■ **What you will do**: Would you repeat word for word the lines of the listing that follows, from the one with "Character Image" up to and including the one with "Özel Dentmer Çerkezköy", and leave out the images?

■ **Material to process**:
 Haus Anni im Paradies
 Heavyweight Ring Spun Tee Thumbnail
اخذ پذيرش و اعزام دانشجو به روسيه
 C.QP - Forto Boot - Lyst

---

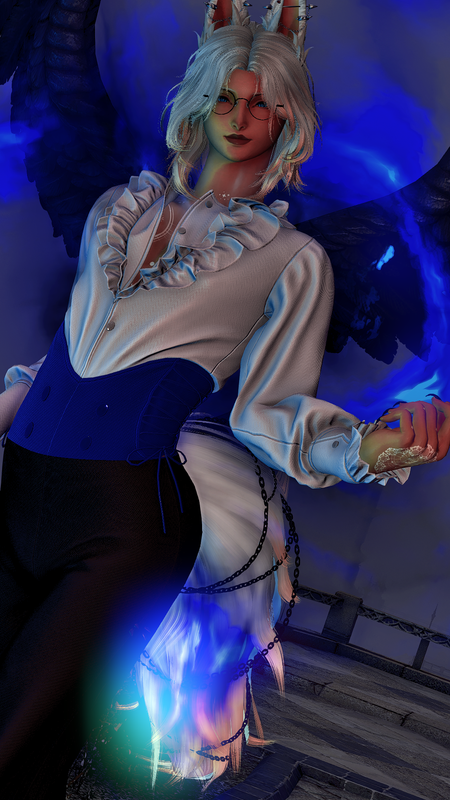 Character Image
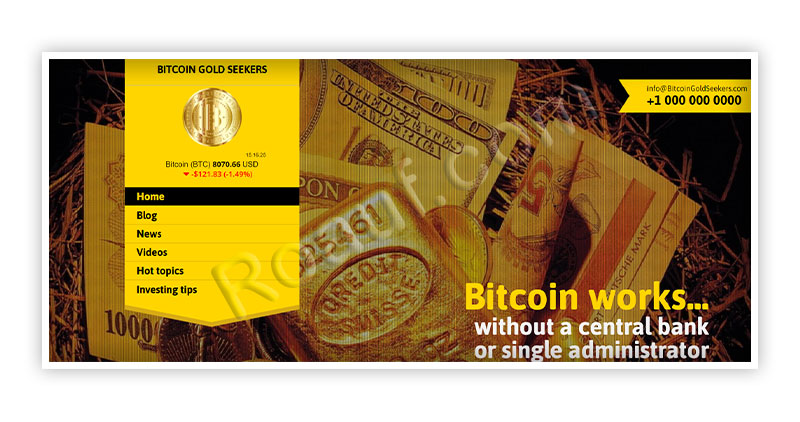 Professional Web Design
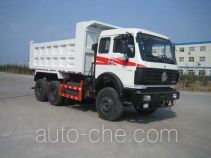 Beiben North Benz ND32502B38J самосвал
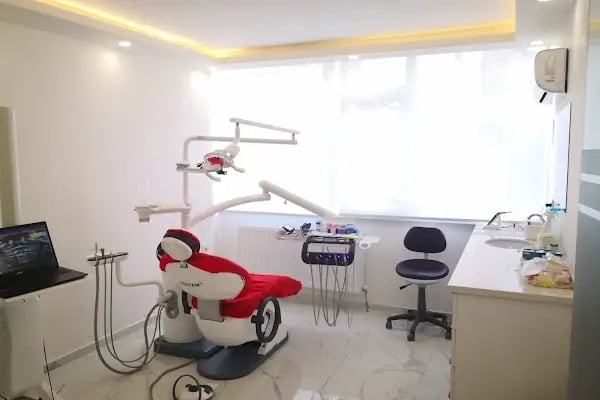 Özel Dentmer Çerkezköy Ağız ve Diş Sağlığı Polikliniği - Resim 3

==

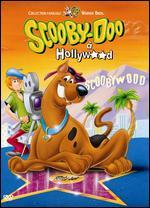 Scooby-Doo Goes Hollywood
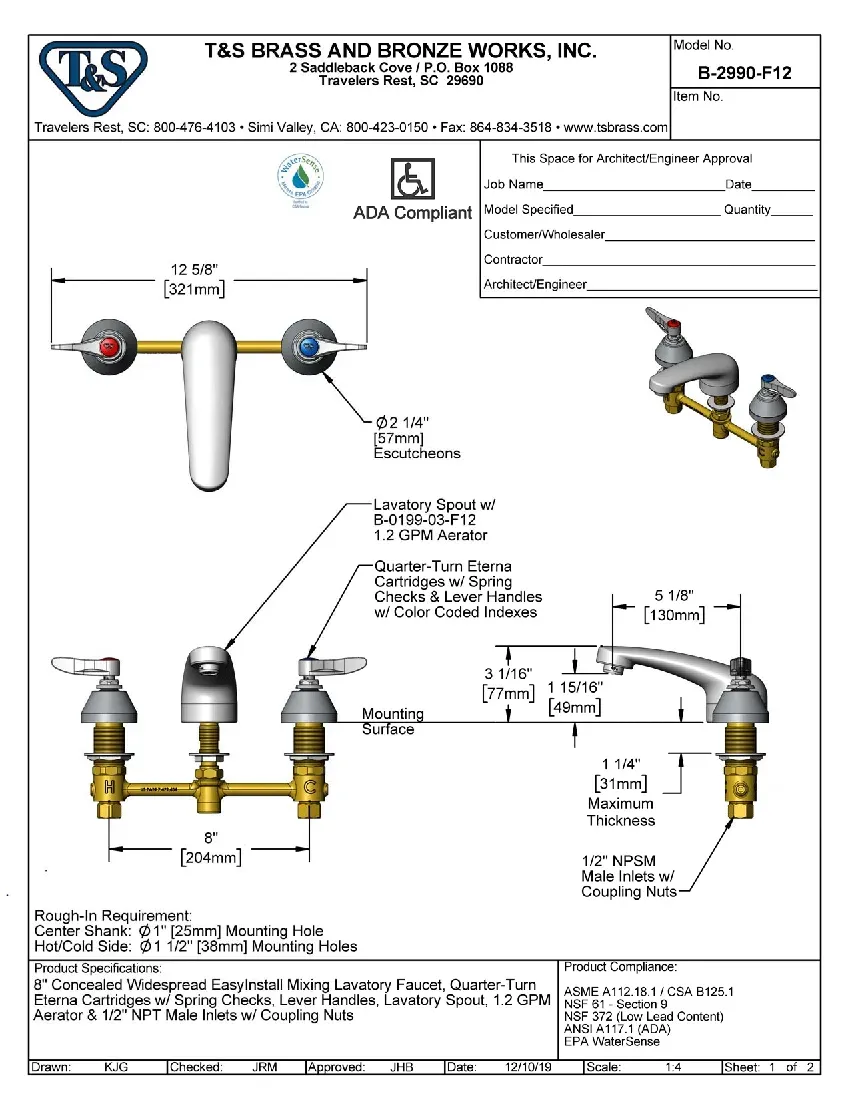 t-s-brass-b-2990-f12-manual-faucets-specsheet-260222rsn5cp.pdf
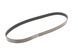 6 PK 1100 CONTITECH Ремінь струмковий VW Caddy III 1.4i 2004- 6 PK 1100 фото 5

■ **Written solution**:
 Character Image
 Professional Web Design
 Beiben North Benz ND32502B38J самосвал
 Özel Dentmer Çerkezköy Ağız ve Diş Sağlığı Polikliniği - Resim 3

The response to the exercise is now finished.